9-го августа мятежники не ограничились схваткою с [244] нашим отрядом у Гогореты и сравнительным в этом деле успехом: в восемь часов пополудни они, к числе 200 человек, напали на реке Скурдиби на транспорт с провиантом, шедший под прикрытием семи нижних чинов из Озургеты в деревню Гурианты, убили четырех человек, двух увели в плен, забрали одежду, амуницию, сумки с патронами и пять ружей; но повозку с быками и провиантом у них отбили князья Накашидзе, причинив им потерю из двух убитых и двух раненых. Другая партия, тоже около 200 человек, напала на Чолокский казачий пост, состоявший из четырех казаков, разорила его, овладела имуществом, лошадьми и оружием казаков и трех из них увела в плен. Та же участь постигла девятерых казаков, бывших на покосе недалеко от поста. Старший на посту урядник был в это время в разъезде. Услыхав отчаянные крики и сообразив в чем дело, он немедленно приказал другим казакам, пасшим табун лошадей, перегнать его в озургетский карантин, а сам донес об участи поста полковнику Брусилову. Партия тем временем разорила еще один таможенный пост, где захватила двух стражников, и напала на вновь строющийся карантин, где также взяла в плен несколько рабочих. Наконец, азнаур Гогий Карцивадзе, с небольшим числом бунтовщиков, овладел Натанебским постом, ограбил и разорил его, перехватил объездчиков и уничтожил переправу на р. Натанеби, прекратив таким образом сообщение укрепления Св. Николая с Редут-Кале. Кроме того, дороги повсюду были испорчены, паромы истреблены, и все сообщения подверглись чрезвычайной опасности 10. [245]

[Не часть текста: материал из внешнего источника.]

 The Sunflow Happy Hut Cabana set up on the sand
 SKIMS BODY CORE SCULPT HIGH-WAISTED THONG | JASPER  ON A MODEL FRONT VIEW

Укрепление Св. Николая оказалось в крайне затруднительном положении, а поддержать из Озургет гарнизон его, состоявший из 14 нижних чинов, полковник Брусилов не мог, потому что и в Озургетах к 9-му августа было всего 300 нижних чинов способных носить оружие, 20 казаков, два шестифунтовых орудия и часть гурийской милиции, на которую пока было мало надежды. Полковник Брусилов прибегнул к единственному доступному в те минуты средству — предписал поручику Ковалевскому, занимавшему с ротою грузинского линейного № 1 баталиона Редут-Кале, отправить в укрепление Св. Николая 50 рядовых при унтер-офицерах, а для усиления гарнизона в сел. Гурианты просил полковника князя Аргутинского-Долгорукого выслать форсированным маршем 300 милиционеров. За невозможностью восстановить Натанебский и подкрепить Лихаурский посты, он их предоставил на волю судьбы, а обратил более внимания на сообщение Озургет с Кутаисом, для обеспечения которого выставил посты до Усть-Цхенис-Цхале. О своем беспомощном положении Брусилов донес начальнику корпусного штаба, прося подкреплений и указаний; но имея в то же время в виду, что если и будут извне назначены войска, то они не могут прибыть на место ранее 20-го августа, он, не ожидая ответа генерал-маиора Коцебу, приказал маиору Лободе, разрабатывавшему с 200 нижними чинами грузинского линейного № 2 баталиона военно-имеретинскую дорогу, спустить 100 человек, присоединить их к команде грузинского линейного № 2 баталиона, вытребованной им из Кутаиса форсированным маршем, с двумя орудиями легкой № 3 батареи 19-й артиллерийской бригады, и направить в Озургеты; маиору Пышкину велел поставить в строй всех людей грузинского линейного № 2 баталиона, свободных [246] от караульной службы в г. Кутаисе, и спустил в Озургетах с работ всех нижних чинов грузинского линейного № 1-го баталиона.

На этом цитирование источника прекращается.